▸ Available data:

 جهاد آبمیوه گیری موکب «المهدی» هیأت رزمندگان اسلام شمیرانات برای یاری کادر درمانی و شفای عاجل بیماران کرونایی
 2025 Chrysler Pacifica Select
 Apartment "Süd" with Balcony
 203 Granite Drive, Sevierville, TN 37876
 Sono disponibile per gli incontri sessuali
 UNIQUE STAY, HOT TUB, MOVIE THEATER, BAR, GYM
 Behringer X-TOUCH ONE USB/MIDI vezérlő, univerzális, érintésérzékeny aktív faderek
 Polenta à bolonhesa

...

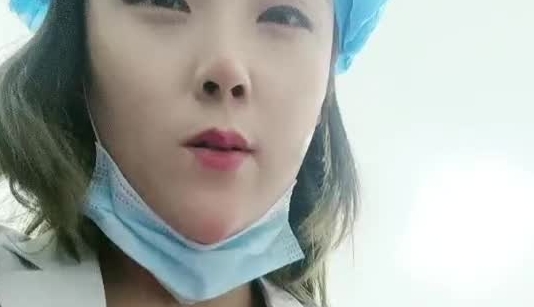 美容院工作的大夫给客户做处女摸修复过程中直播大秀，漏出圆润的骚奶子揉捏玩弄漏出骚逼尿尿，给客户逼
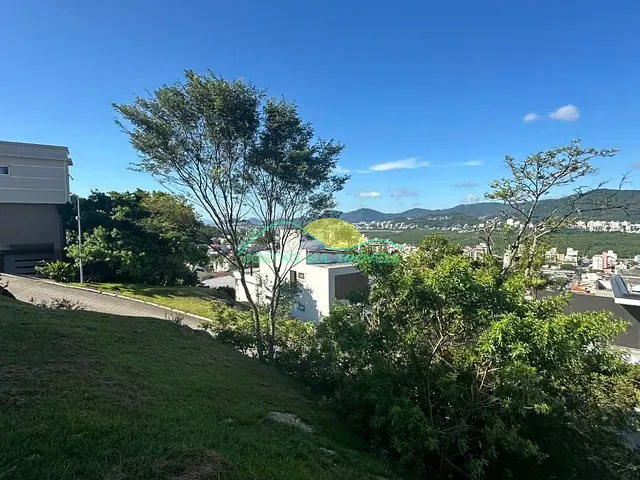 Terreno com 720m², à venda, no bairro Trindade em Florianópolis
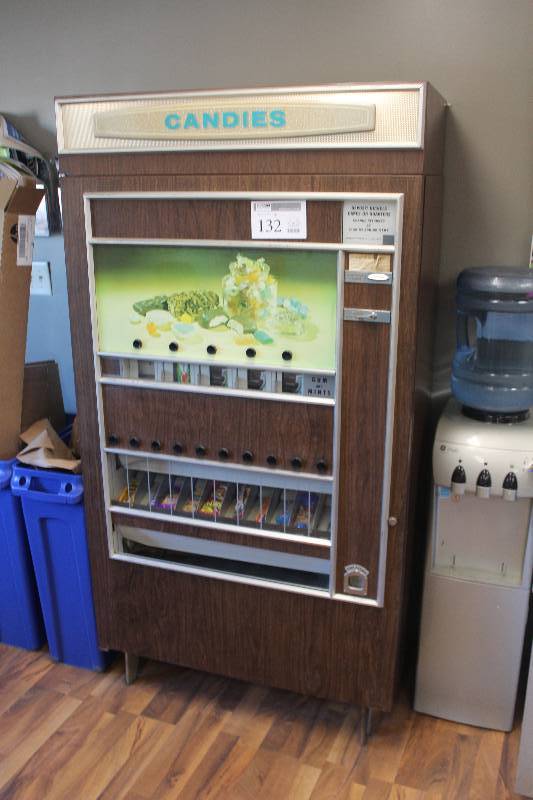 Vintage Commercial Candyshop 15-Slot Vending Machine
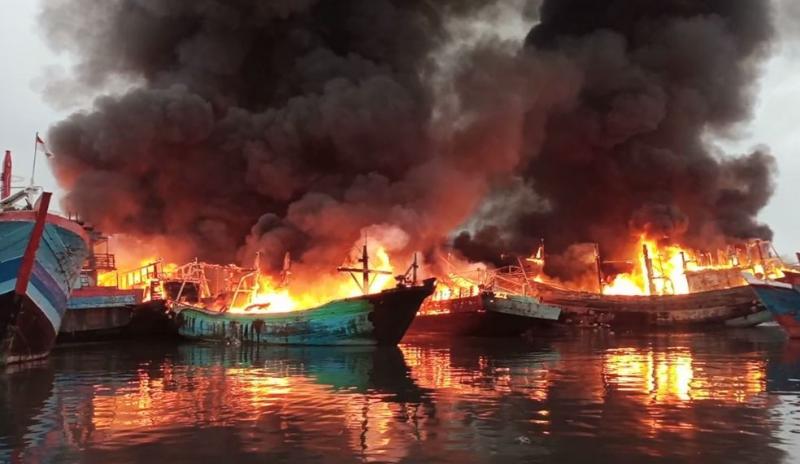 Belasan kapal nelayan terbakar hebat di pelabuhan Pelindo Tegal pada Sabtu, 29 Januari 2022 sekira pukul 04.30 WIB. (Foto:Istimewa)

* * *

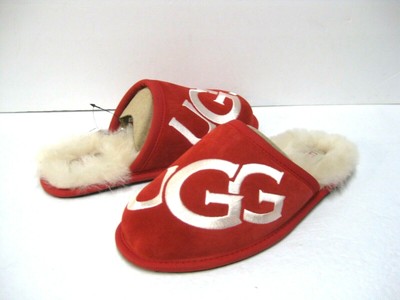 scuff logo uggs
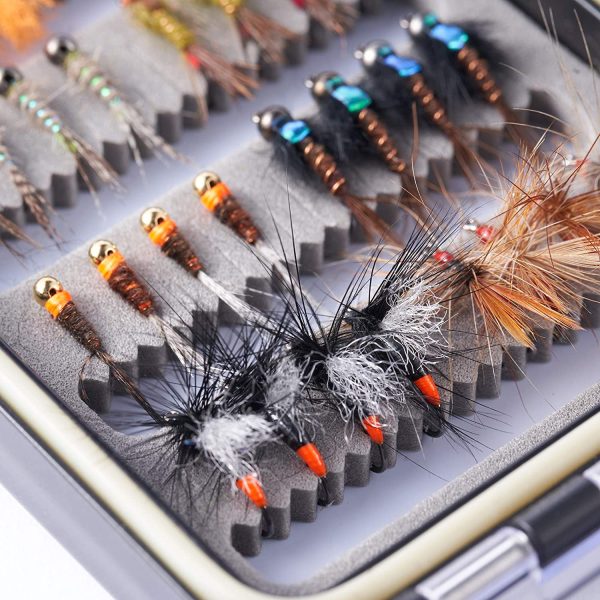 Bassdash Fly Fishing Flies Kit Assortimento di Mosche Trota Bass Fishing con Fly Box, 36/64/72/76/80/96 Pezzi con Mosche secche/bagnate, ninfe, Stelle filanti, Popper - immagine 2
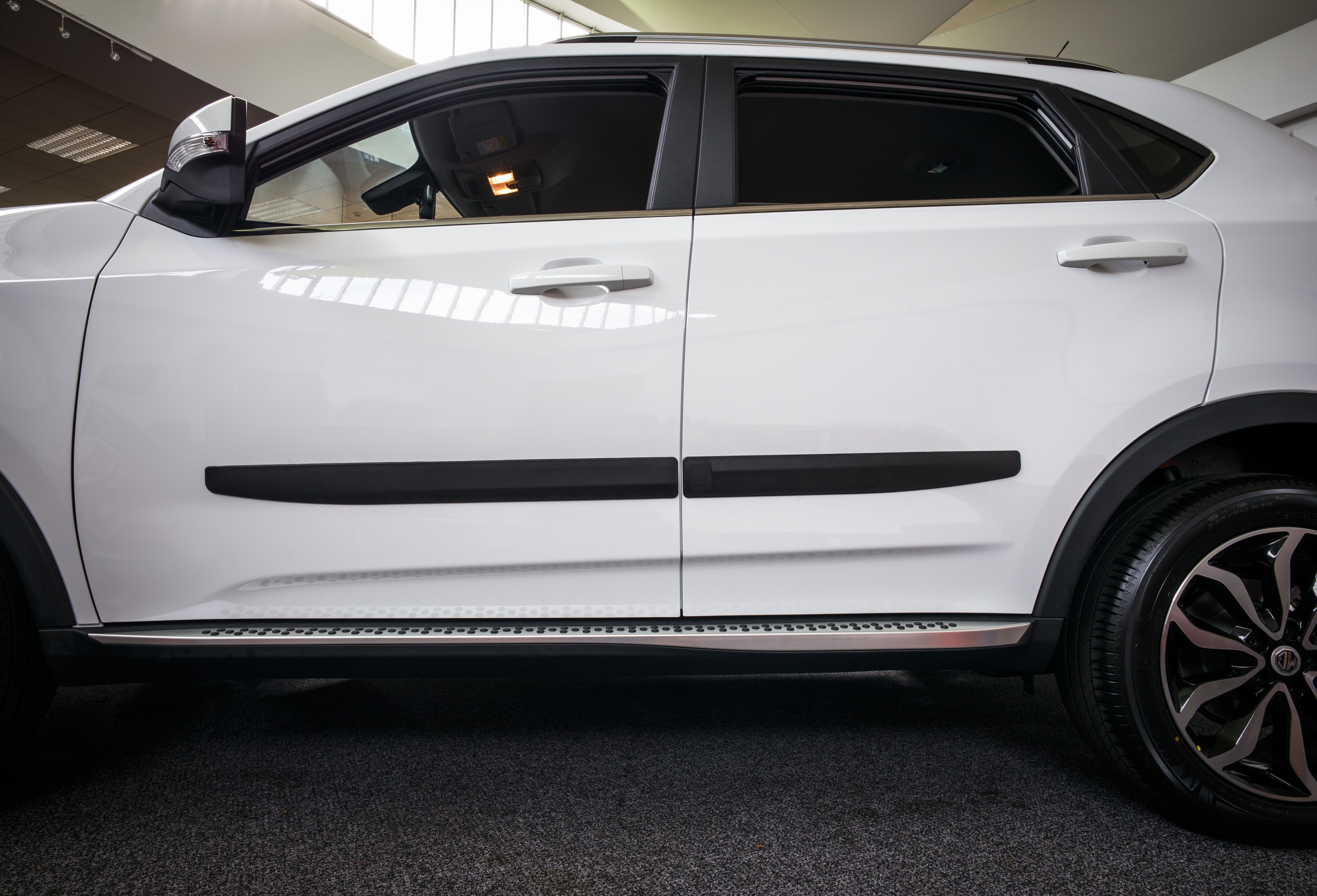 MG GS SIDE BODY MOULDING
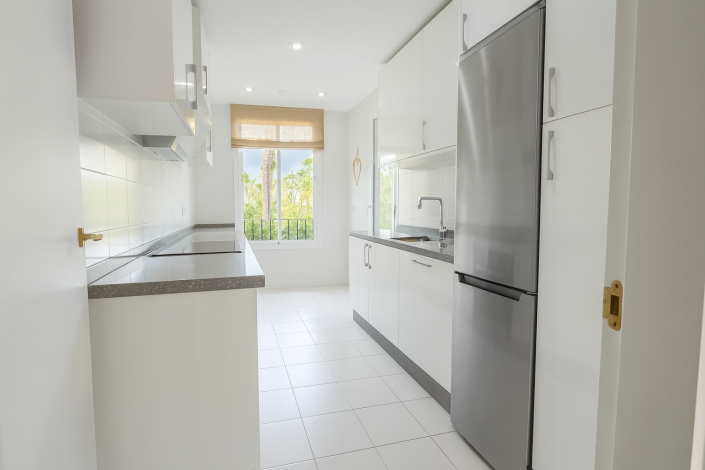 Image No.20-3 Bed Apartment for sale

▸ Work to be completed: Of all the entries above, output exactly the lines between the one holding "2025 Chrysler Pacifica Select" and the one holding "Polenta à bolonhesa", inclusive.

▸ Result of this task:
 2025 Chrysler Pacifica Select
 Apartment "Süd" with Balcony
 203 Granite Drive, Sevierville, TN 37876
 Sono disponibile per gli incontri sessuali
 UNIQUE STAY, HOT TUB, MOVIE THEATER, BAR, GYM
 Behringer X-TOUCH ONE USB/MIDI vezérlő, univerzális, érintésérzékeny aktív faderek
 Polenta à bolonhesa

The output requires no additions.